Opinion
200706-06.
Decided April 30, 2008.
The application for pendente lite legal fees can be made at any time during litigation — upon commencement, at pre-trial, or at post-trial stages. See, Estis v. Estis , 309 AD2d 829. This motion was prepared and filed after the movant had discharged her attorneys, without cause, according to her affidavit submitted in support of her motion. Notwithstanding such discharge, the outgoing attorneys have standing to make application here ( Frankel v. Frankel , 2 NY3d 601). They seek fees of $34,850.59.
The plaintiff here has also terminated the services of his attorneys (the third such law firm to be fired), and has also filed a motion seeking modification of the stipulation of settlement of custody, entered into several months ago.
The concerns expressed by the Court of Appeals in Frankel , supra, are mirrored here, where the spouse with ready and ample funds — more than $600,000 at the commencement of this litigation — would have "a wide choice of counsel, and the financial wherewithal to maintain the litigation, while the non-monied spouse would struggle to find a lawyer who might have to go unpaid." See, Frankel , supra.

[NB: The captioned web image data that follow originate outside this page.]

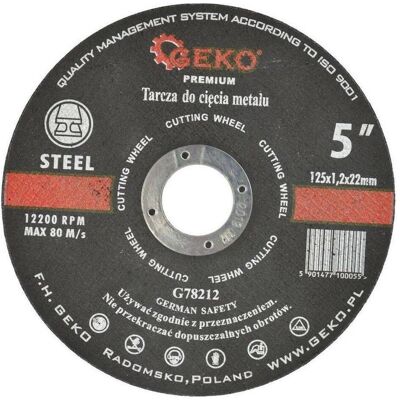 GEKO, Lame de scie, Disque à tronçonner le métal, 125x1,2mm - Publicité GEKO, Lame de scie, Disque à tronçonner le métal, 125x1,2mm - Publicité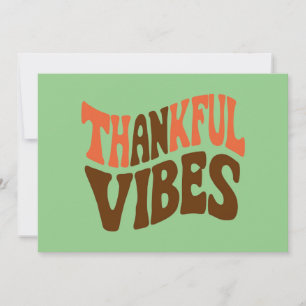 Dankbare Vibes Thanksgiving Vintage Dankbaar  Feestdagenkaart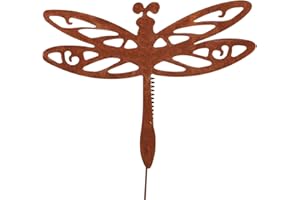 UNUS RM Design libellula con molla oscillante, media, decorazione da giardino, effetto ruggine, per giardino, terrazza, balcone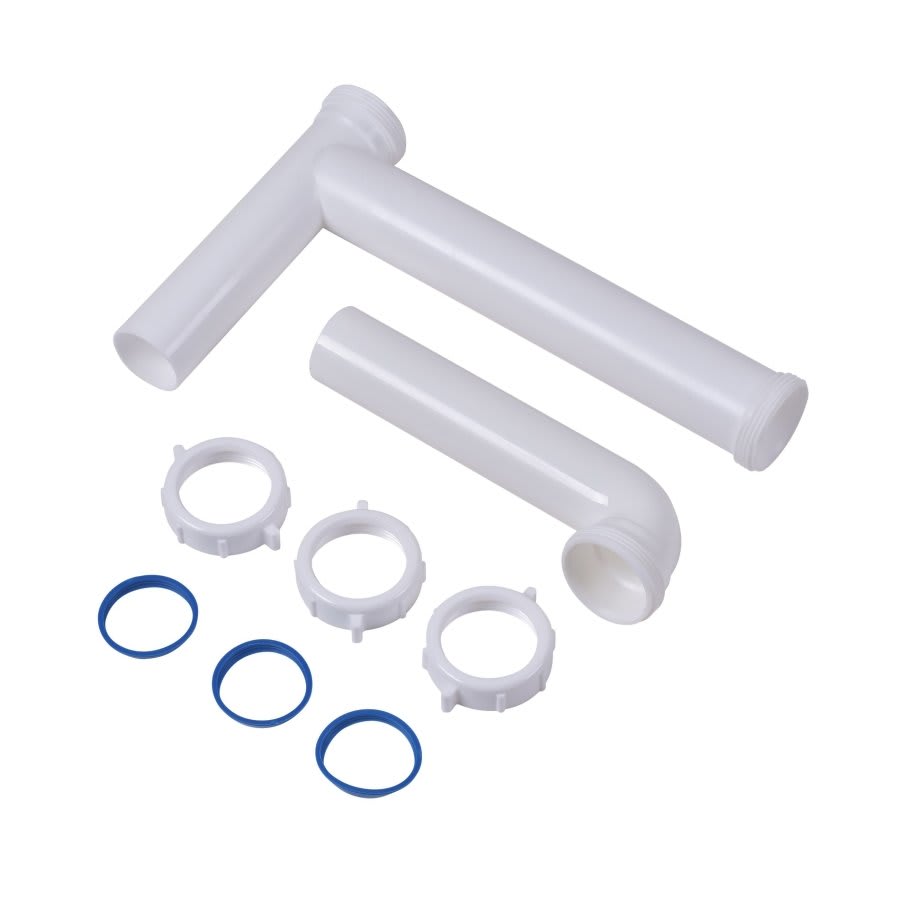 Continuous Waste, End Outlet, 1-1/2 in, Polypropylene, White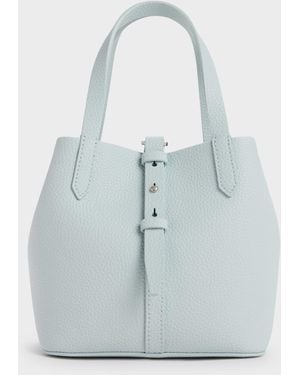 Charles & Keith Beryl Belted Bucket Bag - Blue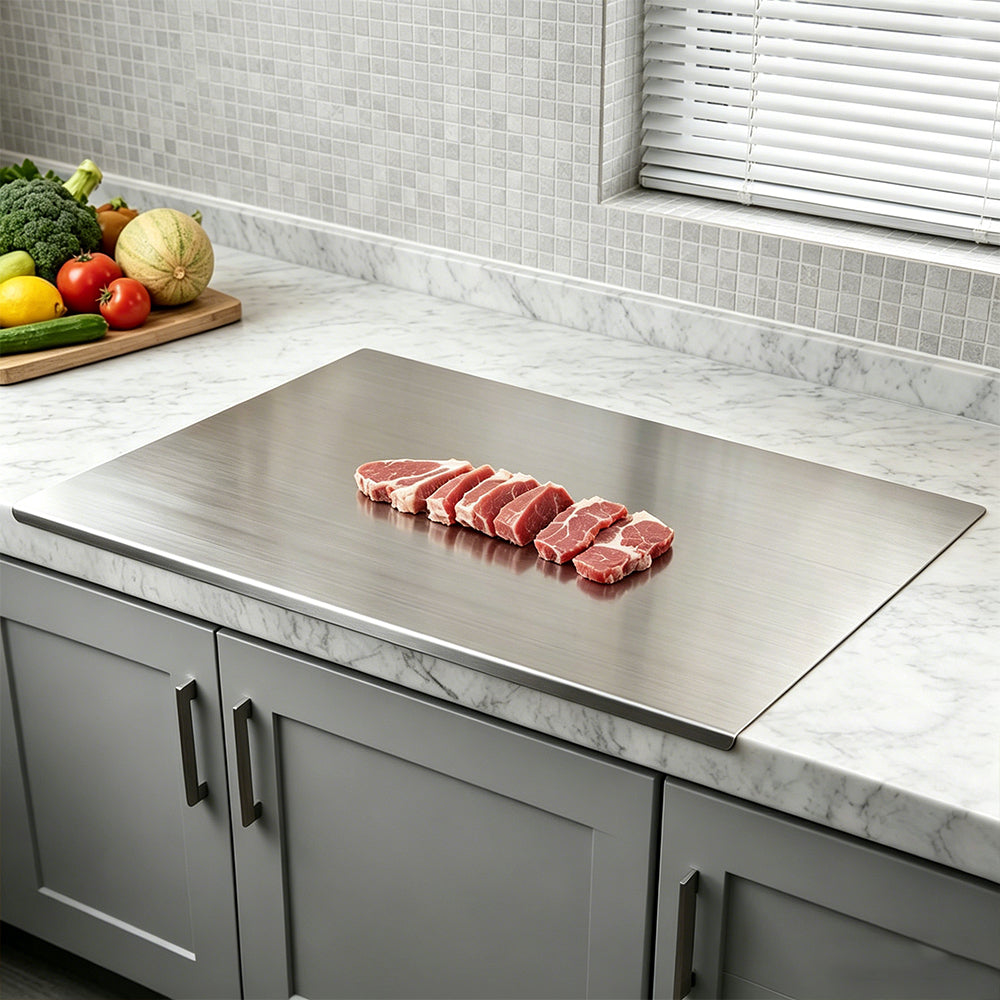 Stainless Steel Cutting Boards for Kitchen, Kneading Cutting Board Mats, Metal Cutting Board for Meat, Fruits, Vegetables, Bread, and Baking Small Cutting Boards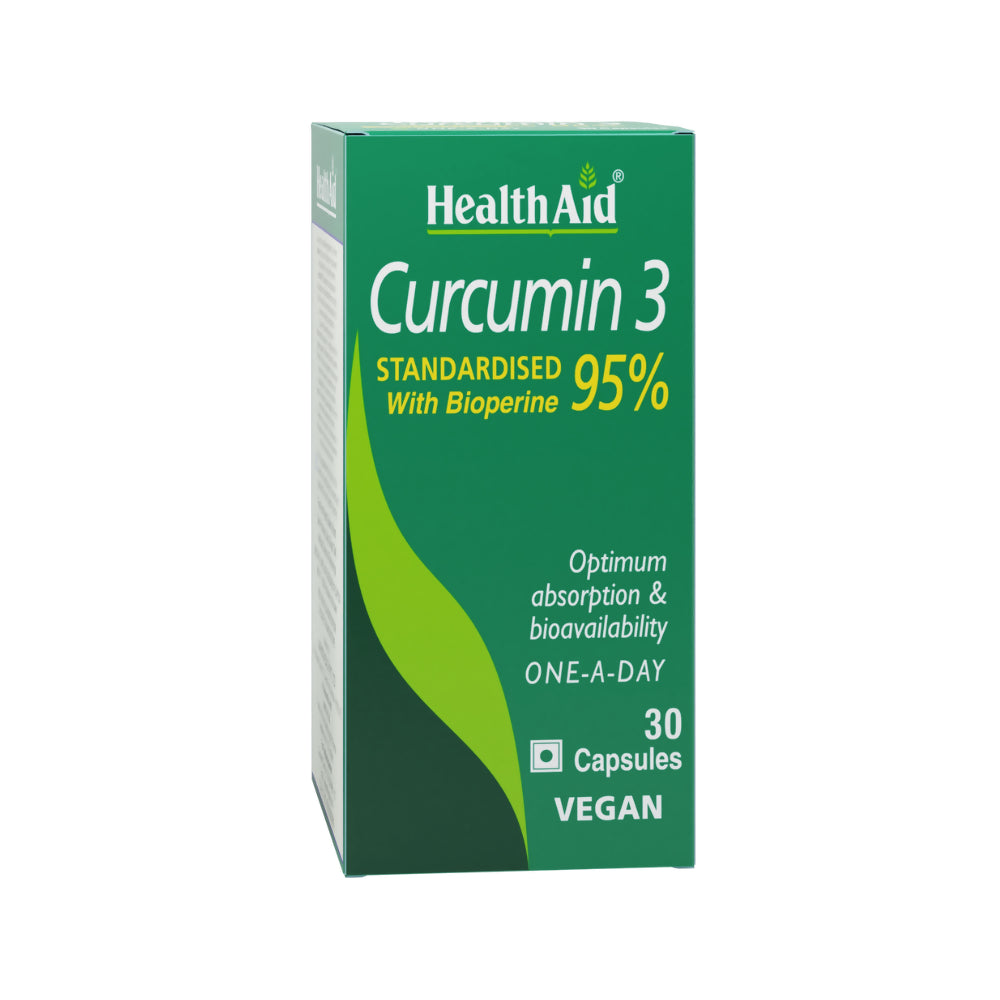 HealthAid Curcumin 3 Standardised with Bioperine 95% Capsules - HealthAid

Elimination of the disparity between the monied and the non-monied spouse was intended by Legislative enactment of Domestic Relations Law § 237(a), which provides, in pertinent part:
"In any action or proceeding . . . for a divorce . . . the court may direct either spouse . . . to pay such sum or sums of money directly to the attorney of the other spouse to enable that spouse to carry on or defend the action or proceeding, as, in the court's discretion, justice requires, having regard to the circumstances of the case and of the respective parties."
Interpreting the statute [DRL § 237(a)] to preclude this application, as urged by the plaintiff here, would "confound the collection process and discourage attorneys from representing non-monied litigants." See Frankel , supra. And in this instance, the plaintiff was subsequently able to re-retain her counsel, making this application even more significant.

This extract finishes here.